RAKYAT.NEWS, JAKARTA – Anggota Komisi III Fraksi Partai Golkar, Supriansa tak setuju dengan usulan pemanggilan mantan Ketua KPK, Agus Rahardjo untuk rapat dengan anggota dewan. Hal itu disampaikannya melalui pesan singkat yang dikirimkan pada Senin (4/12/2023).

Dia mengatakan, pengakuan Agus soal intervensi kasus korupsi e-KTP oleh Presiden Joko Widodo (Jokowi) sudah tidak relevan lagi untuk didalami.

“Buat apa membuka luka jika luka itu sudah sembuh,” katanya.

Supriansa tak mau mengungkit kasus masa lalu. Apalagi, kasus tersebut telah inkrah atau berkekuatan hukum tetap.

Usul memanggil Agus itu datang dari anggota Komisi III DPR Fraksi Partai Demokrat, Benny K. Harman.

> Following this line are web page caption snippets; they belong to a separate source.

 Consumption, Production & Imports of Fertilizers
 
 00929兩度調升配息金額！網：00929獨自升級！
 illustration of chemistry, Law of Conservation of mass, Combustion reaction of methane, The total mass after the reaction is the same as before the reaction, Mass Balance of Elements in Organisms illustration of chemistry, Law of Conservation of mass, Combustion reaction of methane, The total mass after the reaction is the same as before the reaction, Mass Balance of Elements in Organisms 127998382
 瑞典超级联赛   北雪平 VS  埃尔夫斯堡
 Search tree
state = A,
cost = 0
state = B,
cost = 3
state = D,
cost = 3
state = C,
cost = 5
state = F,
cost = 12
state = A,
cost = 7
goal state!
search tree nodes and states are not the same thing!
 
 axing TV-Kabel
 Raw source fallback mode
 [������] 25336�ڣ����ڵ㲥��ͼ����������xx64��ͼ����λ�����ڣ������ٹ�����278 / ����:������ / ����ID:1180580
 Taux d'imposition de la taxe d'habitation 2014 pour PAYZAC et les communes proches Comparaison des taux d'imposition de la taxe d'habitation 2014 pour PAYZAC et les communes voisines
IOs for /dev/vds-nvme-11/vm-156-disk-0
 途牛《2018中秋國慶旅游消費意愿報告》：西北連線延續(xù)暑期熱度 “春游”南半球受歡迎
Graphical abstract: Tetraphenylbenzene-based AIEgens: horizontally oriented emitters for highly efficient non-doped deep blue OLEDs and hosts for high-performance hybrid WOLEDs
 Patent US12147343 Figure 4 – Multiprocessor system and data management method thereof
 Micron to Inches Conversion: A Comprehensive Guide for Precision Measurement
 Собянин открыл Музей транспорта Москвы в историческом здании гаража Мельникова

Ia mengaku ingin mendengarkan penjelasan lebih rinci dari pernyataan Agus soal Jokowi mengintervensi proses hukum di KPK.

Benny tak mau pernyataan Agus itu hanya menjadi hoaks di masyarakat.

“DPR sebaiknya panggil eks Ketua KPK Agus Rahardjo atau Pak Agus datang ke DPR menerangkan lebih rinci pernyataannya ini. Apa betul Presiden Jokowi mengintervensi proses hukum di KPK,” katanya, Jumat (1/12/2023).

Di bawah kepemimpinan Agus Rahardjo (2015-2019), KPK mengusut kasus mega korupsi e-KTP yang melibatkan Ketua DPR Setya Novanto. Setya Novanto yang juga merupakan eks Ketua Umum Golkar itu divonis 15 tahun penjara.

Baru-baru ini, Agus mengaku mendapat intervensi dari Jokowi kala mengusut kasus tersebut. Pengakuan itu disampaikan dalam wawancara Rosi di Kompas TV.

“Itu di sana begitu saya masuk Presiden sudah marah, menginginkan, karena begitu saya masuk beliau sudah teriak ‘hentikan’. Kan, saya heran yang dihentikan apanya. Setelah saya duduk saya baru tahu kalau yang suruh dihentikan itu adalah kasusnya Pak Setnov, Ketua DPR waktu itu mempunyai kasus e-KTP supaya tidak diteruskan,” katanya.

Agus tak menghentikan proses hukum atas kasus e-KTP. Sebab, pada UU yang lama, KPK tak memiliki kewenangan surat perintah penghentian penyidikan (SP3).

Ia pun meyakini hal itu kemudian berimbas pada revisi UU KPK pada 2019. Melalui revisi UU, KPK jadi berada di bawah kekuasaan eksekutif dan bisa menerbitkan SP3 atau penghentian kasus.